As Sebag Montefiore writes in explaining the 40 year silence of the Muslim world when the Arabs lost Jerusalem during the Crusades, “as so often in Jerusalem’s history, religious fervour was inspired by political necessity.”
But according to Lowenberg, this in itself did not put an end to Jewish access to the Temple Mount. Basing himself on the same Salman ben Yeruham, he writes
Soon after the Muslim conquest, Jews received permission to build a synagogue on the Temple Mount. Perhaps the wooden structure that was built over the Foundation Stone was first intended for a synagogue, but even before it was completed, the site was expropriated by the city’s rulers [as the site for the Dome of the Rock]. The Jews received another site on the mount for a synagogue in compensation for the expropriated building. Most probably there was an active synagogue on the Temple Mount during most of the early Muslim period. [emphasis added]
After the Fatimids conquered Jerusalem in 969, a Temple Mount synagogue was rebuilt and used — until the Jews were then banished by Caliph al-Hakim in 1015. That decree was rescinded by a later ruler and Jews were again allowed to worship there until the conquest of Jerusalem by the Crusaders.
But even then, Jews were able to go up to the Temple Mount. The Rambam wrote in a letter in 1165 that he “entered the Great and Holy House [and] prayed there.”
|Portrait of The Rambam. Public domain|
The Jewish traveler, Benjamin of Tudela, visited Jerusalem between 1159 and 1172, and writes there were Jews praying “in front of the Western Wall [of the Dome of the Rock], one of the [remaining] walls of what was once the Holy of Holies.” Loewenberg notes that the Western Wall described by Benjamin of Tudela could not be the current Western Wall because it did not become a site for prayer until the sixteenth century, but instead the reference is to the ruins of the western wall of the Second Temple building on the Temple Mount.
Even after Saladin captured Jerusalem back from the Crusaders in 1187, and even though the Temple Mount was re-consecrated as a Muslim sanctuary, Saladin still allowed Jews access not only to Jerusalem, but also to worship on the Temple Mount.

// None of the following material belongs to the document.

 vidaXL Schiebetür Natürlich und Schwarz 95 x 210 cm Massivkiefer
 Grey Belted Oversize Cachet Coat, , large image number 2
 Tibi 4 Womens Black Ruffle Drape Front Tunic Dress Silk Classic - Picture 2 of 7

Later, though, Saladin forbade Jews from praying there. From the late thirteenth to the mid-nineteenth century, the Temple Mount was basically off-limits to Jews, though occasionally they were allowed access.
The chief rabbi of Jerusalem, David ben Shlomo Ibn Zimra (Radbaz, 1479-1573) wrote that the city’s Jews regularly went to the Temple Mount in order to view the entire temple ruins and pray there and that “we have not heard or seen anyone object to this.”
After the Ottoman conquest of Jerusalem in 1516, Sultan Suleiman I encouraged European Jews, especially those expelled from Spain and Portugal a generation earlier, to resettle in Jerusalem. He instructed his court architect to prepare a special place for Jewish prayer in an alley at the bottom of the Western retaining wall of the Temple Mount in compensation for prohibiting all non-Muslims from entering any part of the Temple Mount. He issued a royal decree guaranteeing Jews the right to pray at this Western Wall for all time.
So much much for Jews not being allowed to pray on the Temple Mount under Muslim control. Halachic issues are one thing, but that Israel today allows the Arabs, who were defeated by Israel in 1967 when Jerusalem was reunified, to continue to have the power to dictate to Jews what they can and cannot do on the Temple Mount is mind boggling.